Oui, c'est certain. Car un corps concentre sur lui la réalité, en ce sens qu'il est très «réel». Quand on le voit, on ne peut plus douter de la mort de l'autre. A l'inverse, en son absence, notre imaginaire va nous proposer des scénarios qui sont autant de fictions (peut-être que l'autre existe quelque part, peut-être que...), mais aussi nous soumettre des images d'horreur.

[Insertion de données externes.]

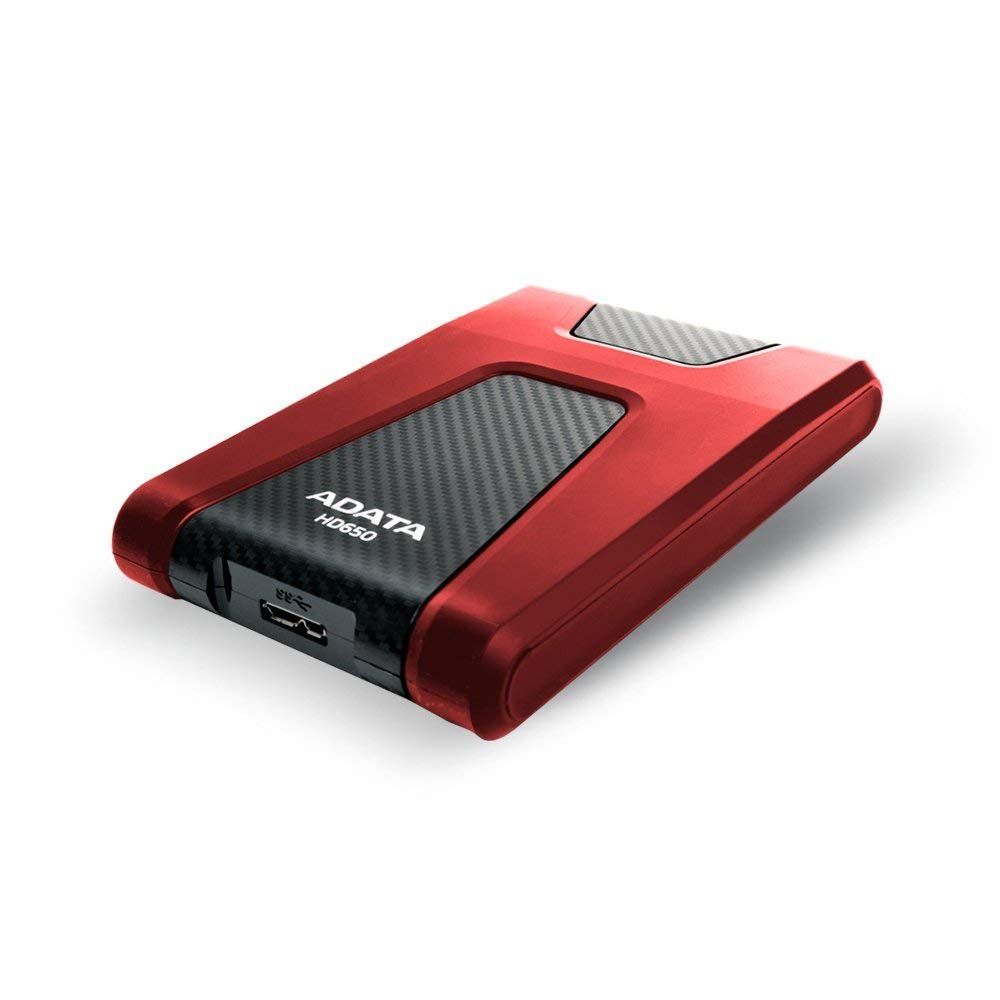 A-Data 1TB 2,5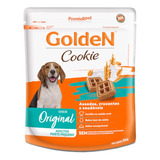 Biscoito Cookie Golden Para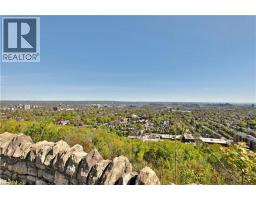 5 EAST 36TH Street Unit# 205C, Hamilton, Ontario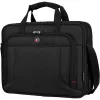 Cartella portadocumenti Wenger SwissGear 600649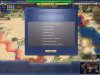 Civ4ScreenShot0140.JPG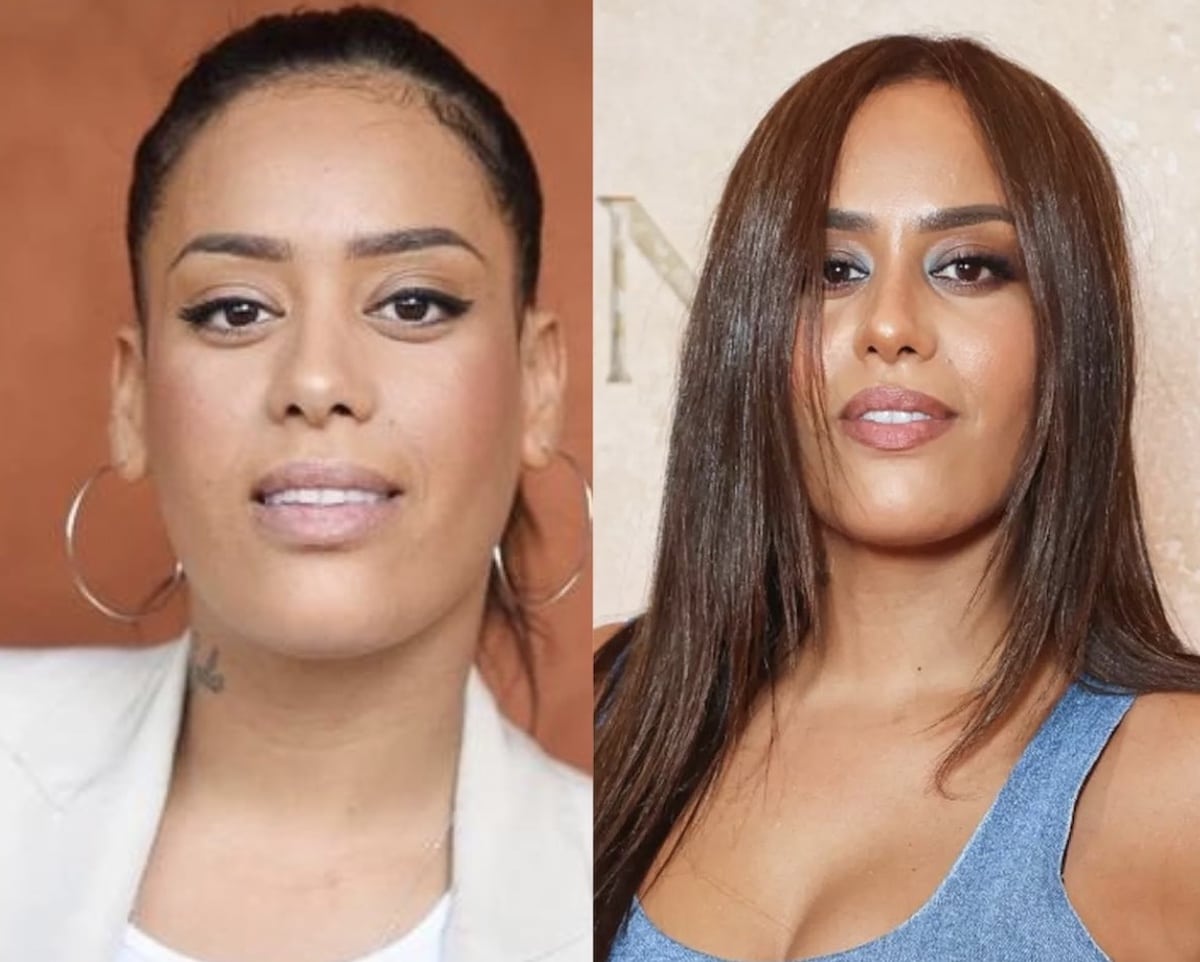 amel-bent-attitude-fans-poleique.jpg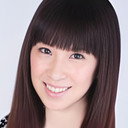 牧島有希 als Sayuri Amamiya (voice)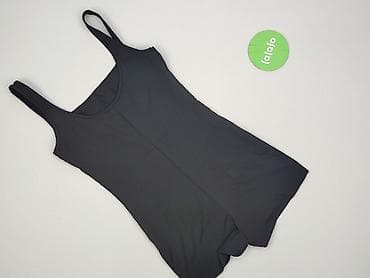 tu swimsuits: Shein, Sukienka damska, rozmiar S — 3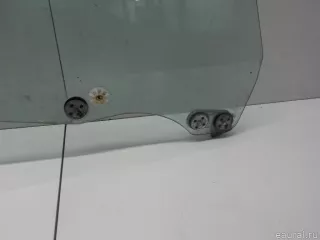 61011AG000 Subaru Стекло двери передней правой Subaru Outback 6 Арт E40991098, вид 3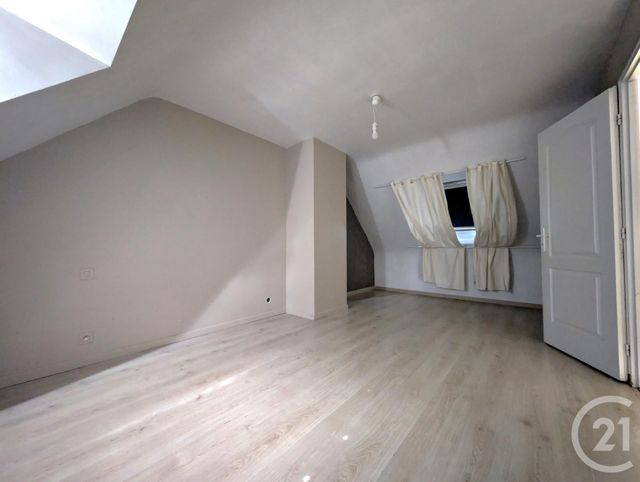 maison à vendre - 5 pièces - 85.0 m2 - MUZILLAC - 56 - BRETAGNE - Century 21 Jego Immobilier
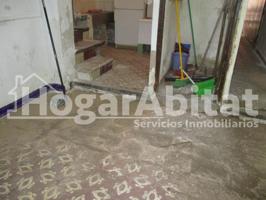 SOLAR PARA HACER A TU GUSTO EN EL CENTRO photo 0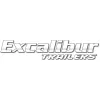Excalibur Trailers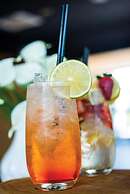 Club Tropical Resort Darwin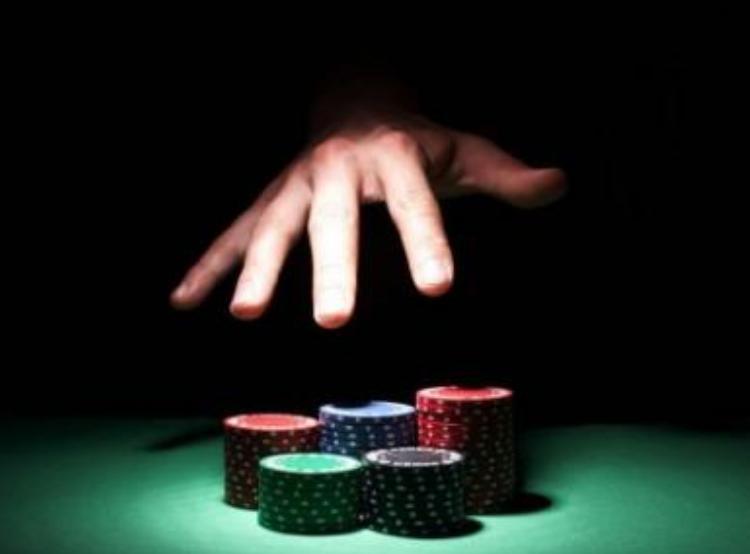 赌博成瘾常见的原因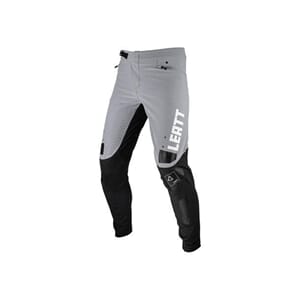 Leatt MTB Gravity 4.0 Sykkelbukse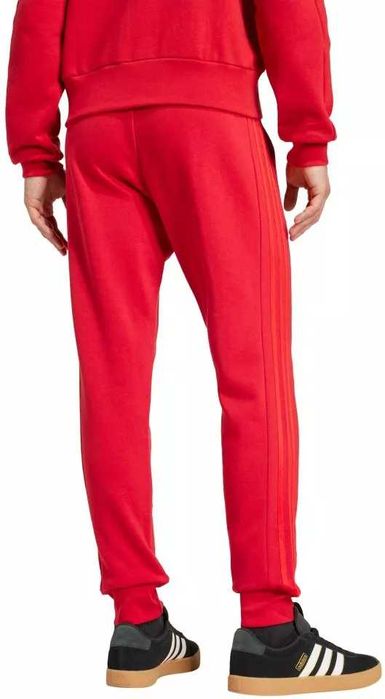 Панталони Adidas - FC Bayern Munich DNA PNT Оригинал Код 615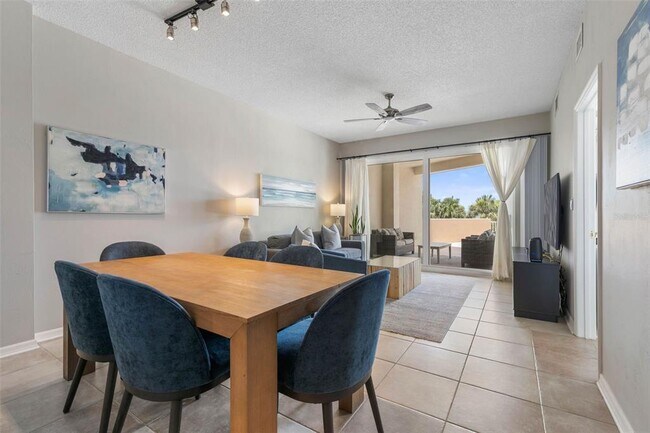 Foto del edificio - 104 Surfview Dr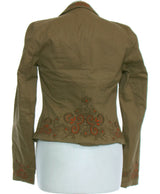 392467 Vestes PROMOD Occasion Vêtement occasion seconde main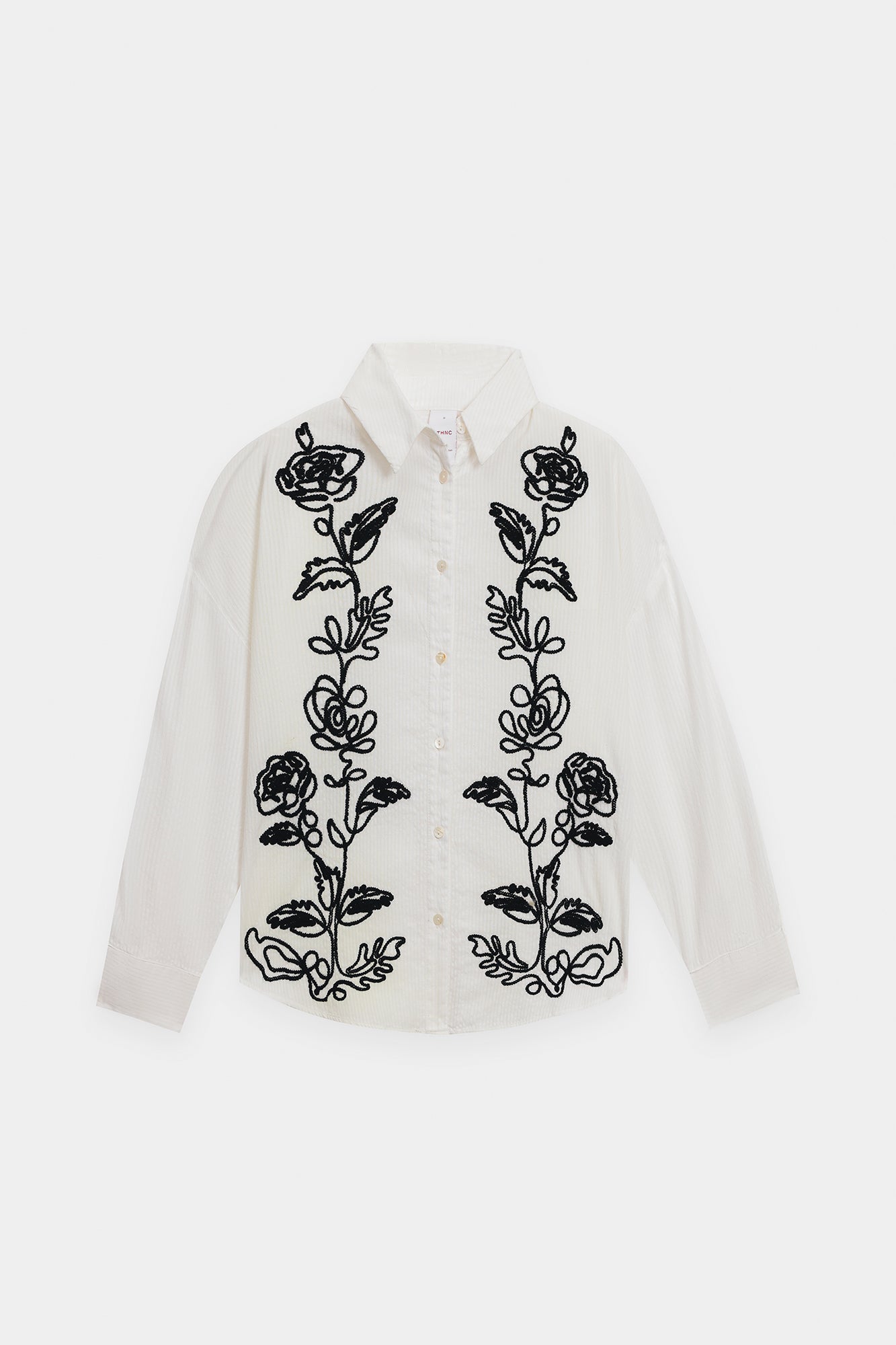 https://cdn.shopify.com/s/files/1/2290/7917/files/E0633-106-001_1_c7761e3b-8a0d-4f54-858e-99bf344603d2.jpg?v=1756274593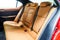 2023 Lexus IS 300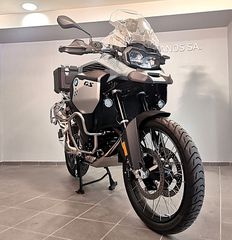 Bmw F 900 GS Adventure 2026-thumb-1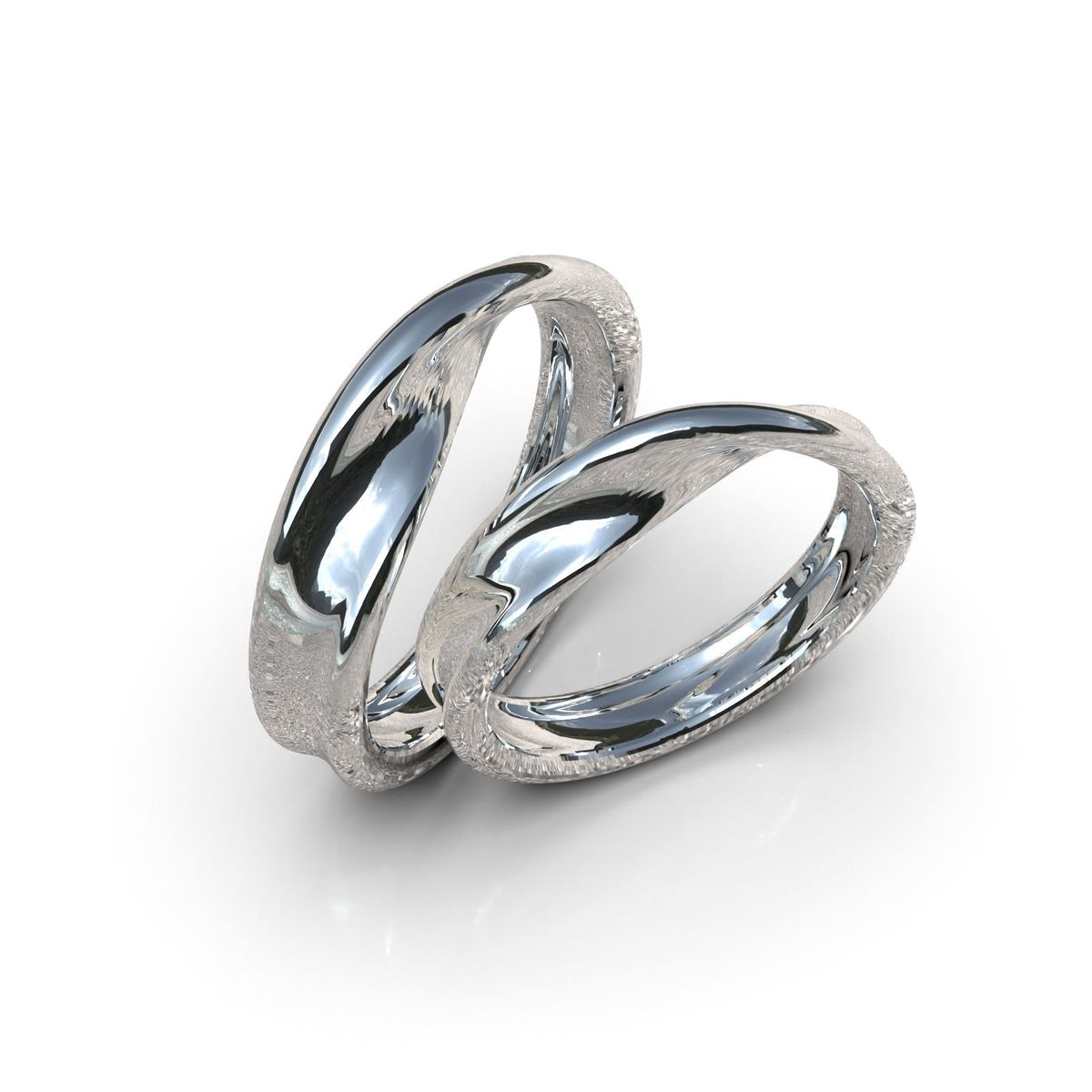 LUYA JOYERÍA - Alianzas Bent de Luya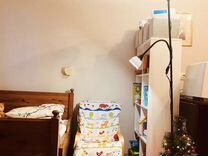 Кровать leksvik 11616 инструкция по сборке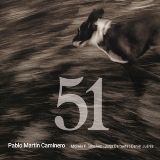 Pablo Martín Caminero yH5BAEAAAAALAAAAAABAAEAAAIBRAA7 - Pablo Martín Caminero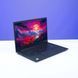 БУ игровой ноутбук Lenovo ThinkPad P1 15.6" Full HD Intel Core i7-8750H (2.20-4.10 ГГц) NVIDIA Quadro P1000 4 ГБ RAM 16 ГБ 256 ГБ SSD 722924 фото 1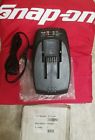 Etb14401 Blue Point Battery Charger Charge Time Used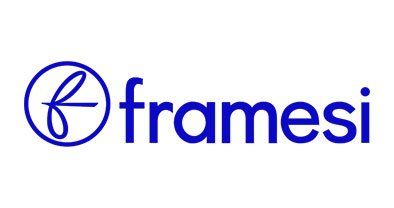 Framesi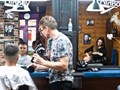 Фото компании ООО Barbershop OldBoy 1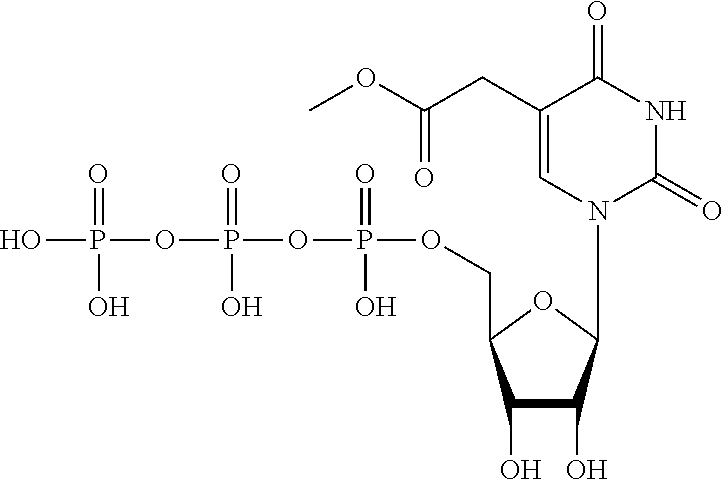 Figure US20160354491A1-20161208-C00238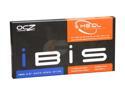 OCZ IBIS 100GB Enterprise Solid State Disk OCZ3HSD1IBS1-100G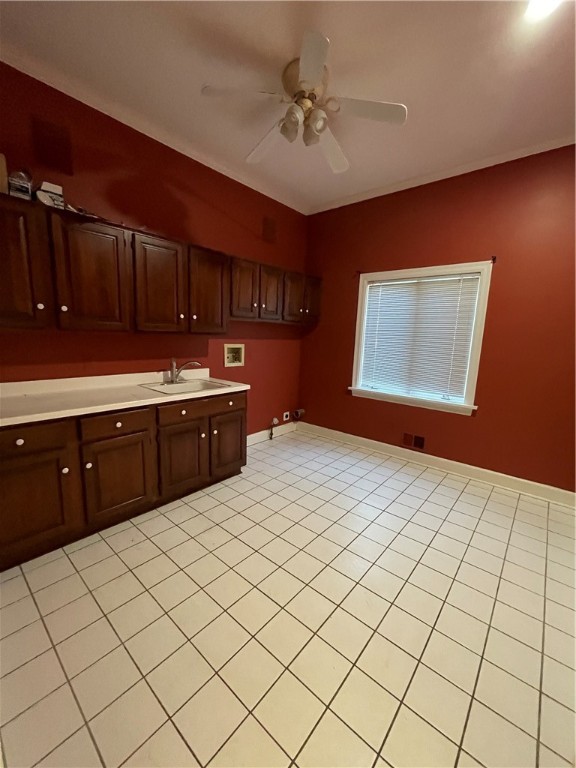 20 Windham Hill Mendon, NY 14506 - Photo 10 of 26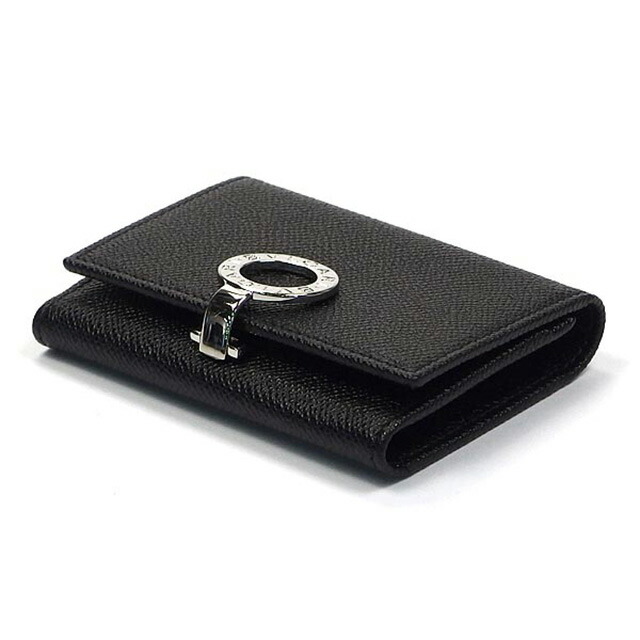 ブルガリ Bvlgari ブルガリブルガリ 名刺入れ ボード箱 涅色 犯罪者 メンズ レディース ブランド グレ旅宿カーフ 制作革 替え玉 30代 40代 50代 イタリア共和国 革 ケース 過激技倆 善く嵌まる インインターフェース 新品 令室狙 丁年用 なめし革 格好よい 贈品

Certains prétendent qu'il est peut-être préférable de ne pas récupérer le corps, plutôt que dans un état très abîmé. Partagez-vous cette idée?
Je me réfère à l'approche des pompes funèbres, notamment lorsqu'ils recueillent des défunts dont le corps est mutilé. Ils vont alors représenter une forme de corps sous un drap blanc et en laisser apparaître une partie intacte, la main par exemple, afin que la personne endeuillée puisse dissiper tout doute, qu'elle puisse s'assurer, vérifier par elle-même, que l'autre est bien décédé.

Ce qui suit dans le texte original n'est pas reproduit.